Mountain Fiji, Colonel Ninotchka, Debbie Debutante, Susie Spirit, Spike, Chainsaw and their colleages were underestimated from the start. They were the Gorgeous Ladies of Wrestling (or G.L.O.W.) and for four years that started in 1986 they were a day-glo staple of Saturday morning programming. No one expected them to catch on ("It was almost an infomercial!" recalls one of the wrestlers on the show's rampant product placement) or last as long as they did, but then when it was clear that they had (after 104 episodes), the show's primary backer Meshulam Riklis stopped funding it supposedly because his then-wife, camp icon Pia Zadora, forced him to.

Real life is almost as absurd at what played out on the small screen, which is described by one of its participants as "a vaudevillian show mixed with Saturday Night Live mixed with female wrestling." It's all lovingly documented in Brett Whitcomb and Bradford Thomason's G.L.O.W.: The Story of the Gorgeous Ladies of Wrestling, which airs tonight on Logo. Several of the original Ladies participated in the documentary, which gives it voyeuristic before-and-after appeal (what does a female professional wrestler of the '80s look like almost 30 years later?). But the doc also exudes a humanity that the conscious camp of the show glossed over.

Though it came off as little more than sensory junk food, G.L.O.W. mattered to so many of the women involved — many were cast based on their appearance over their athletic prowess and hoped to use G.L.O.W. as an entry into high-profile show business. For most of them, G.L.O.W. would prove to be the height of their careers in entertainment, and now they're looking back on their legacy. It's easy to see parallels to the used-and-discarded participants of reality TV, which has to some audiences replaced professional wrestling as the low-culture performance art of its time. The Ladies performed at the Riviera Hotel in Las Vegas and were housed in basically a giant dorm nearby. They worked as they lived, to a sometimes detrimental extent. In the film, Lori Palmer (Colonel Ninotchka) explains, "We were constantly in character. I became Ninotchka because I was Ninotchka 24/7." A man fell in love with that character, proposed to her and then left her when he realized Lori couldn't live up to the brutal strength of her character.

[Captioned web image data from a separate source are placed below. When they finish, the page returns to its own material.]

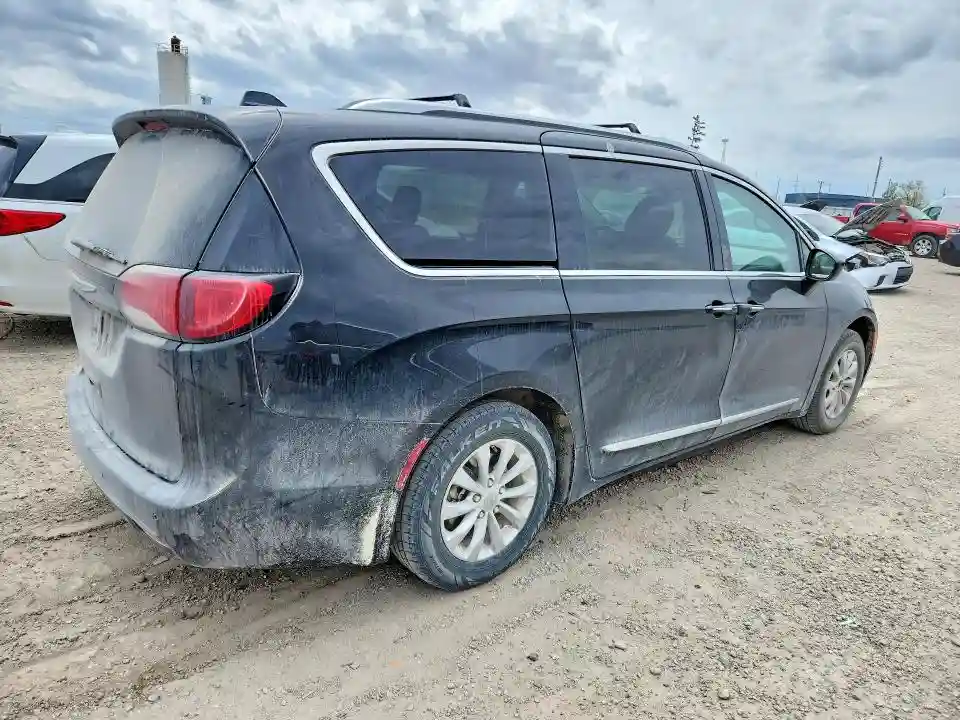 2C4RC1BG3JR124110 2018 CHRYSLER PACIFICA-2
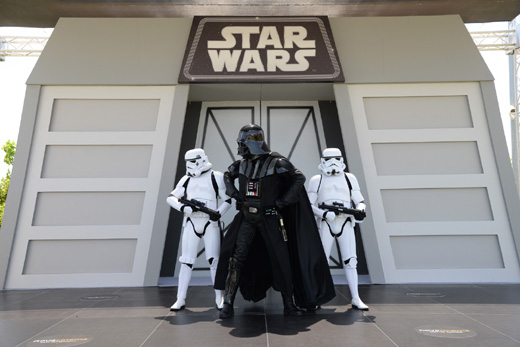 6.000 θεατές έσπευσαν να φωτογραφηθούν με τον Darth Vader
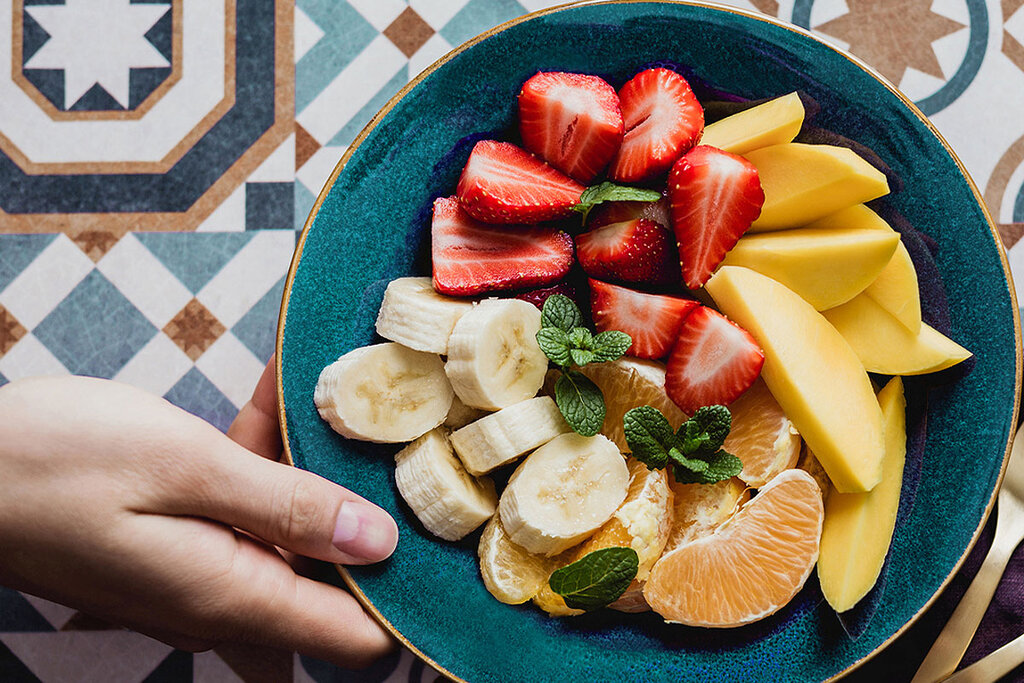 وعده صبحانه - غذا - خوراکی - تغذیه - میوه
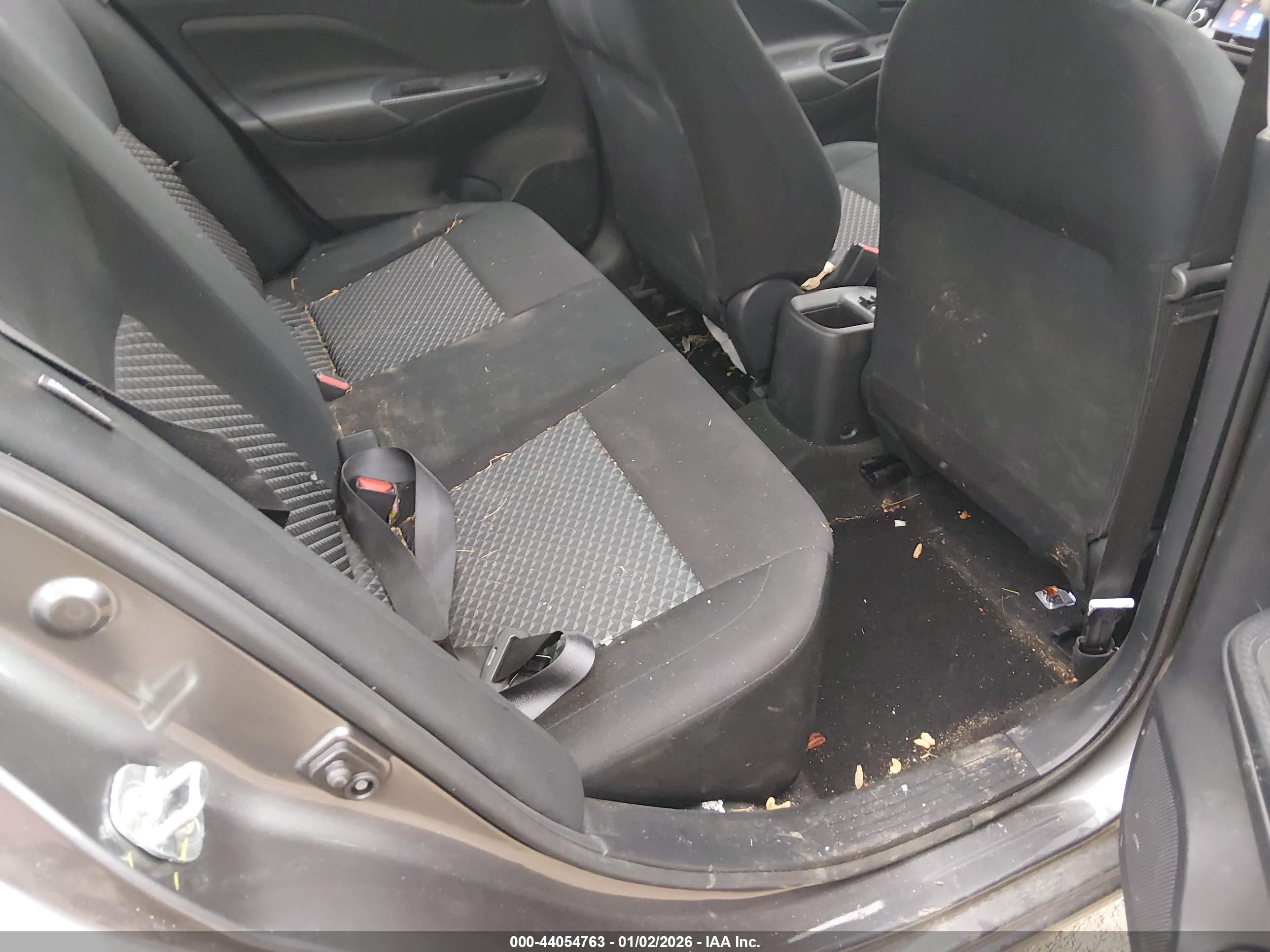 NISSAN VERSA image 8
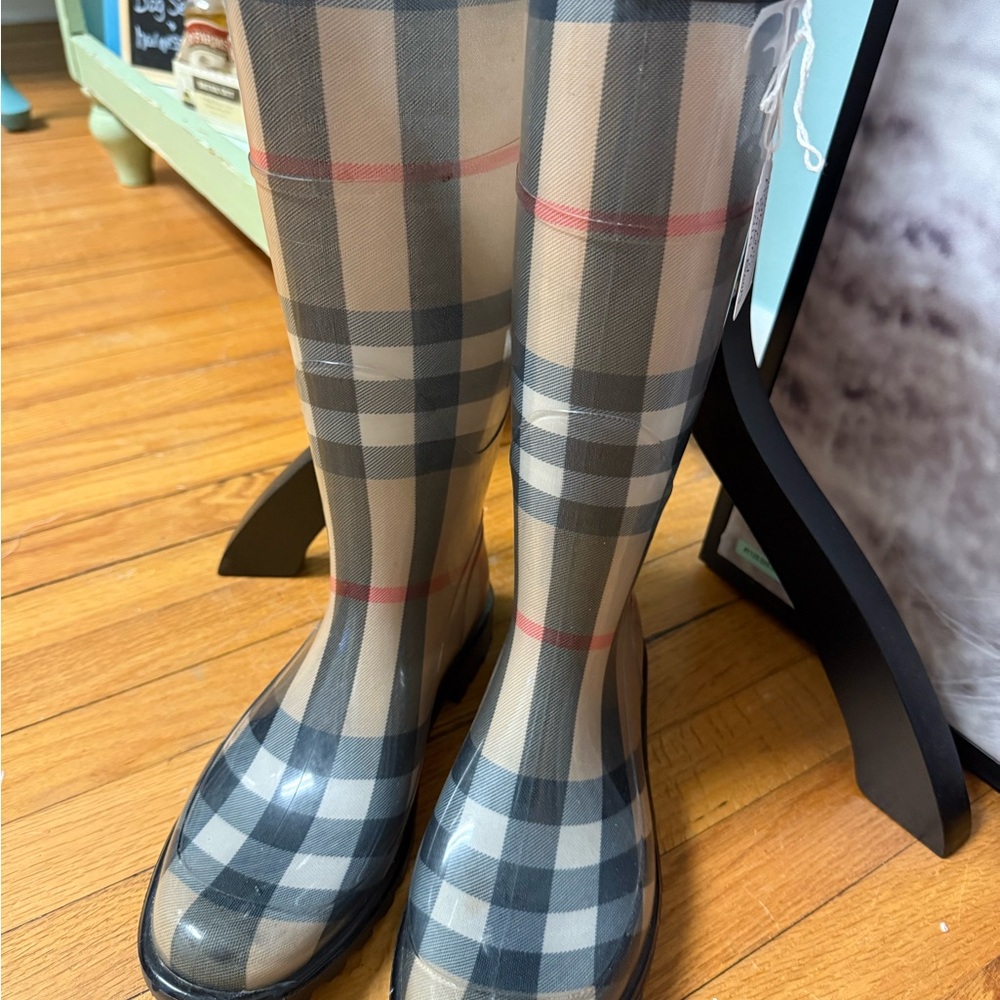 Woman’s Burberry Plaid Rain Boots Size 40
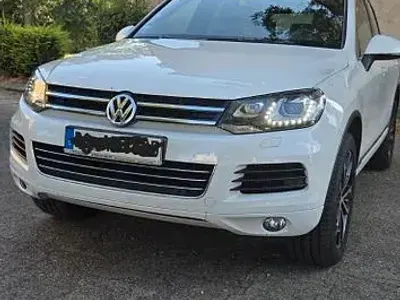Gebraucht VW Touareg 245 PS (180 kW) 2013 Weiß SUV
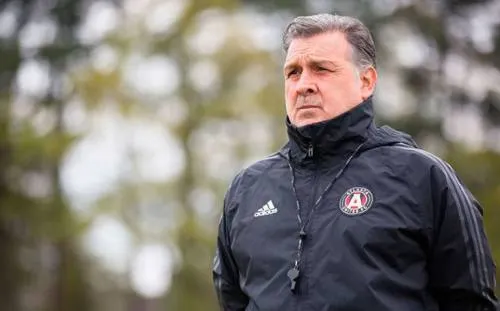 ¿Cerca del Tricolor? Martino ya no será DT del Atlanta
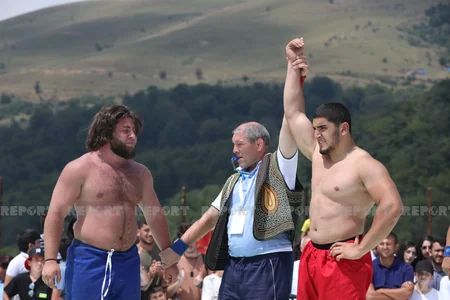 İkinci Milli Yaylaq Festivalının açılış mərasimi baş tutub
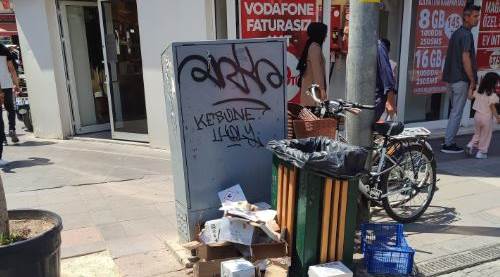 Eskişehir'de karton çöpler kötü görüntü yaratıyor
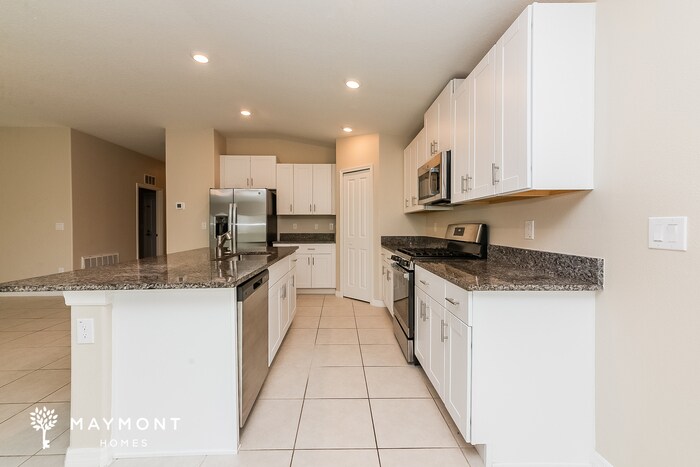 Building Photo - 4124 84th Ct E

G.L.O.W. was a blip on the pop culture radar that meant a lot to a few people who carry it with them today (in sustained injuries and fond recollections, alike). It's particularly interesting to watch co-founder Matt Cimber specifically refer to the show as "camp" on old Donahue footage — that sort of self-awareness is usually only found in retrospect. It accordingly abounds elsewhere in G.L.O.W.: The Story of the Gorgeous Ladies of Wrestling, which manages to be heartfelt about a ridiculous subject. Also in that Donahue clip, Cimber describes G.L.O.W. as "a great image for young girls...They show women as independents." It sounds like spin, especially from its male guiding hand. Indeed, by the end of the doc, what emerges as most important is shared experience.